Chris, if you have time, could you take a picture of the rear window part number on your car, and send it to me? Just stuff a sheet of white paper inside the rear window before taking the picture.
Thanks, Michael


----------



## Soki (Jul 26, 2004)

*Re: (PanEuropean)*

Hey, i don´t have an explanation but try to cover your rear window and see if it turns blue or purple, maybe under a cloudy day. In strong sunshine you won´t notice it that well i think.
My car is tinted and in some circumstances my rear window will turn a little bit blue.
Some thoughts:
I know that MB S/CL classes rear window turns a little bit purple when tinting or in special angels and that´s because it is a "cover" in the middle of the glas that reflects the sunlight away. More "seenable" at cars with dark interior if the car isn´t tinted. 
Also i noticed diffrences between the front window glass, some is a little bit purple some isn´t.


----------



## jmdpjd1 (Aug 18, 2004)

*Re: (Soki)*

Soki;
That is true with my after market tint. there is a blue cast which becomes more pronounced in different light. (Silver Mirror in photo above).


----------



## chrisj428 (Feb 26, 2005)

*Re: (PanEuropean)*

Bad news on that -- I think it may no longer be "of this world". I will check with one other person next I see him, but am not holding out hope.








Okay, to add:
We have four new Phaetons on the lot.
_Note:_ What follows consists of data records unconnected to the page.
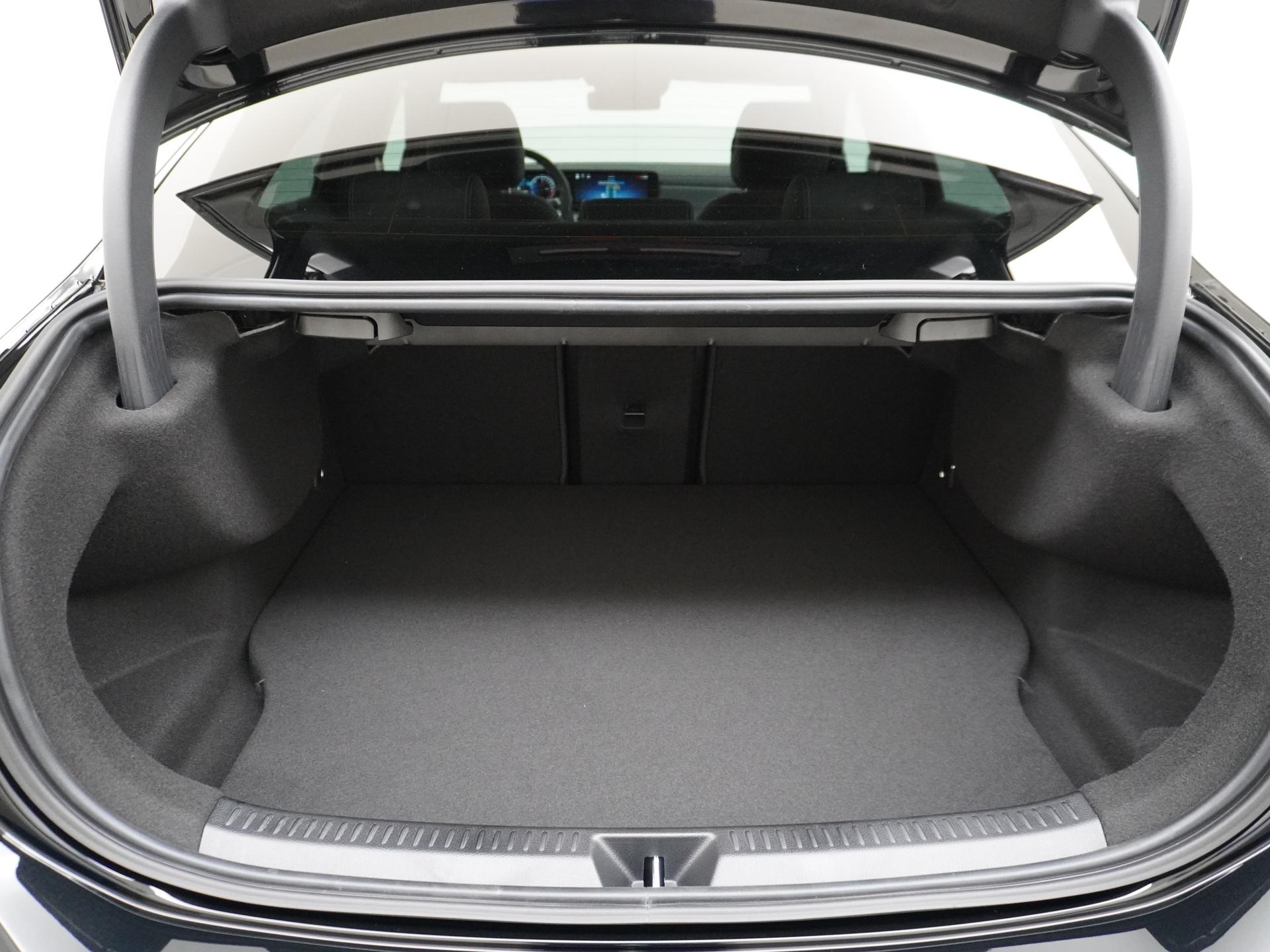 Mercedes-Benz A-Klasse 250 e Business Solution AMG 12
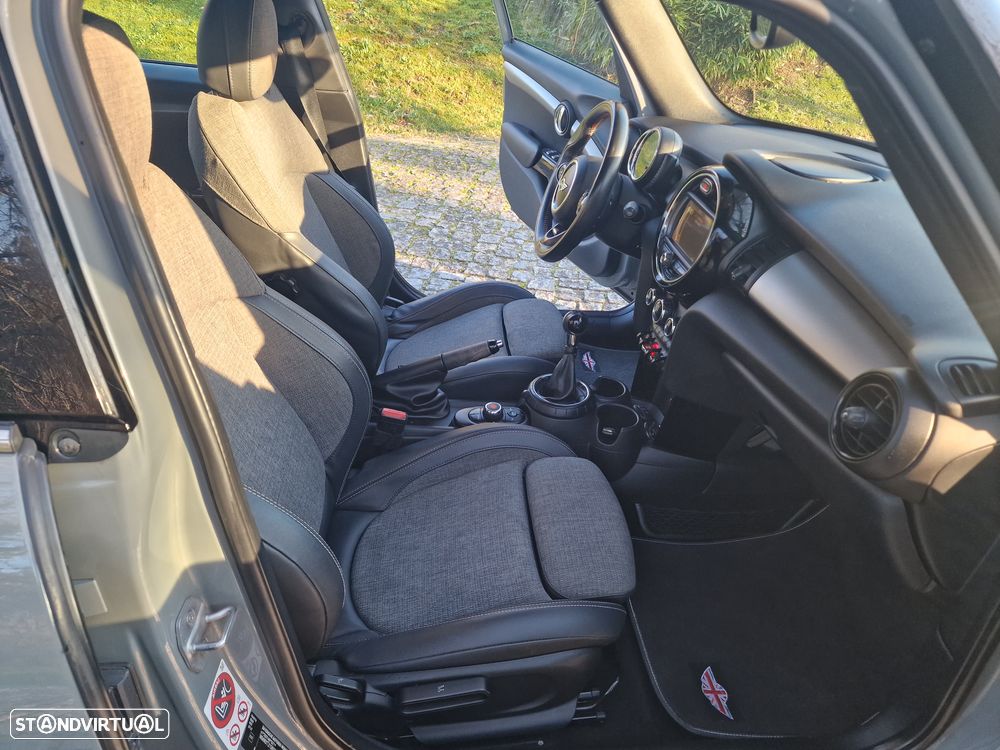 MINI 5 Portas Cooper D - 16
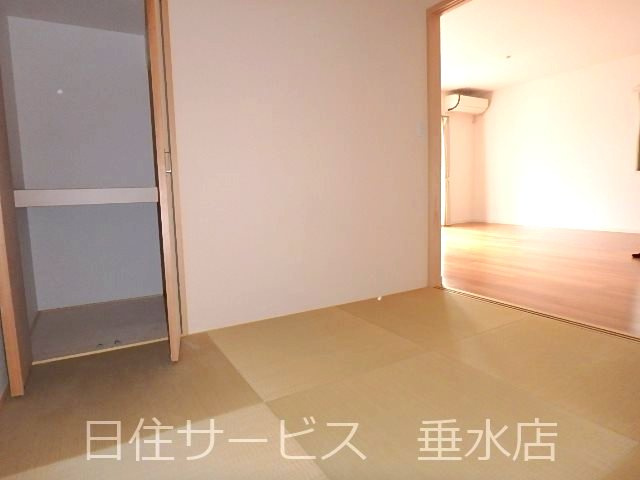 伊川谷町長坂戸建の和室|和室です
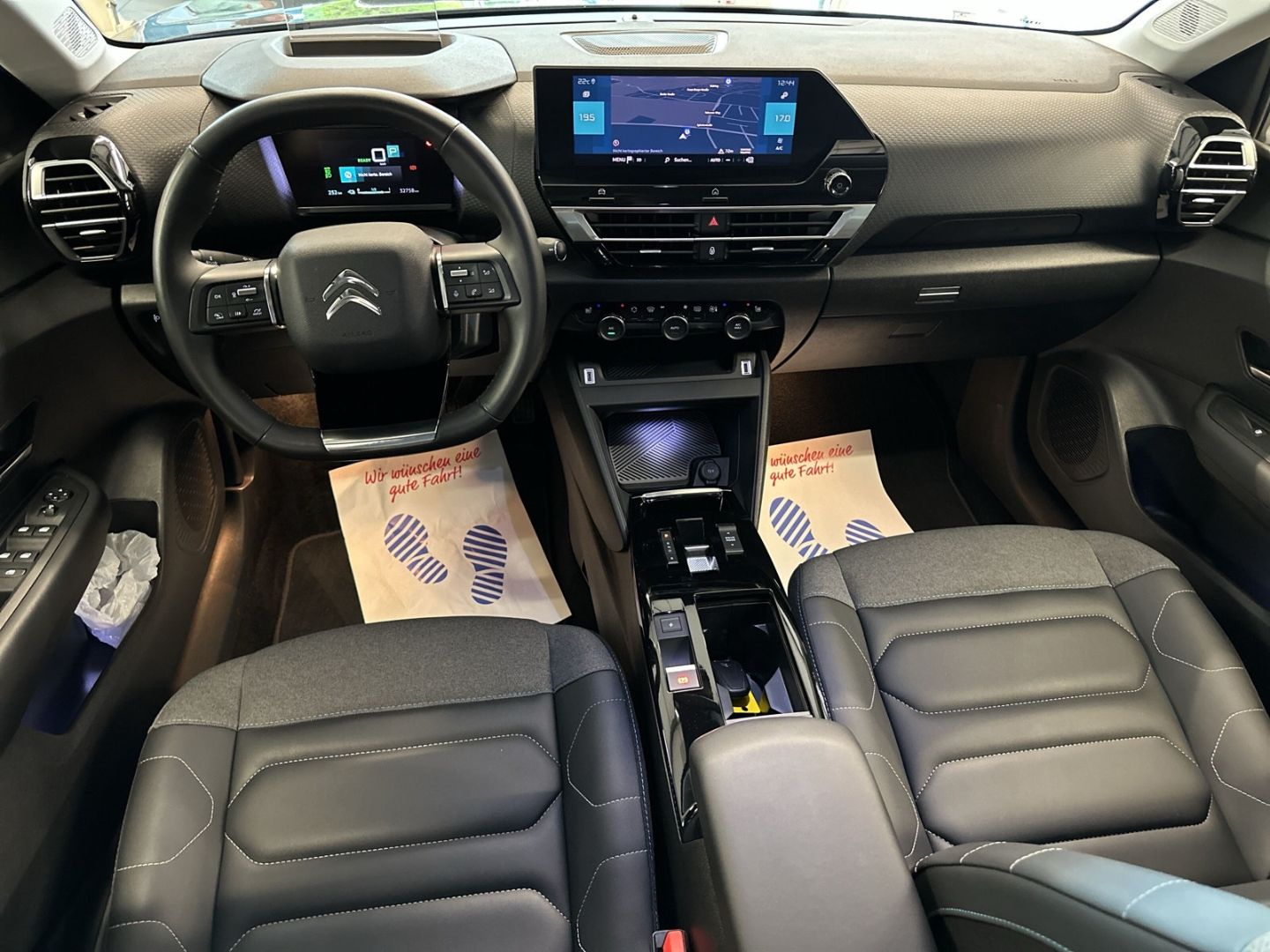 Fahrzeugabbildung Citroën C4 e- Shine 100 Navi 360 Kamera SHZ CarPlay DAB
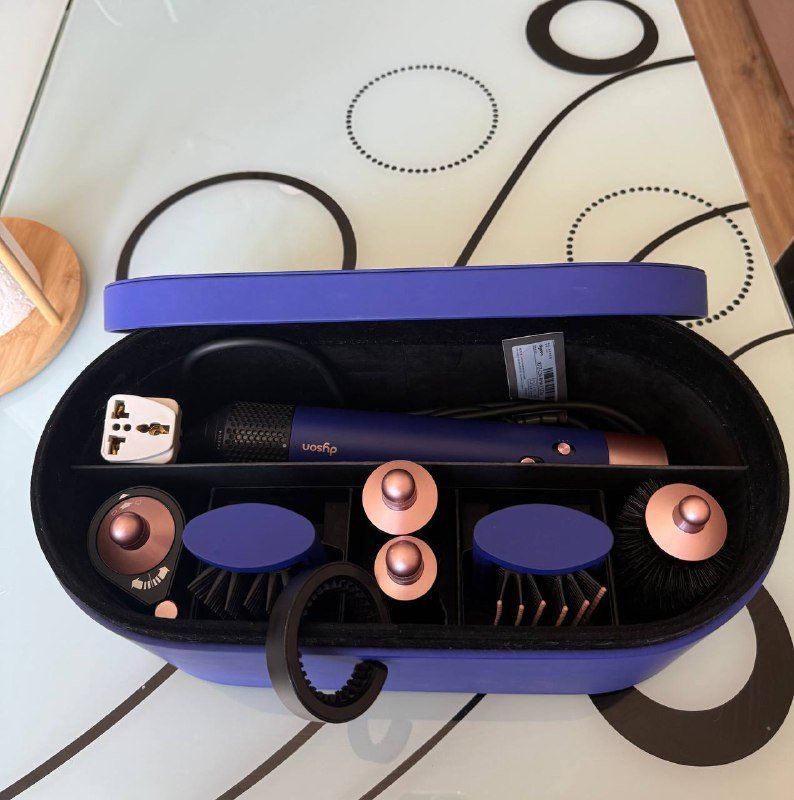 Стайлер Dyson полный комплект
They all have the 43R branding and all exhibit (to a degree) the same bluish "aura". I wasn't able to view all under the same conditions, but it's apparent in all of them:
Black over Beige
White over Grey
Silver over Anthracite
Cairo Grey over Anthracite (why this car is still on our lot is a mystery -- quite possibly the most beautiful iteration I've seen!)
The Black seems to emit the greatest "aura". One observation I did make is the density seems to be greater towards the top where the antennae are, a la the sun tint band at the top of the front windscreen.
From these, I would be able to glean build stickers if you thought it beneficial.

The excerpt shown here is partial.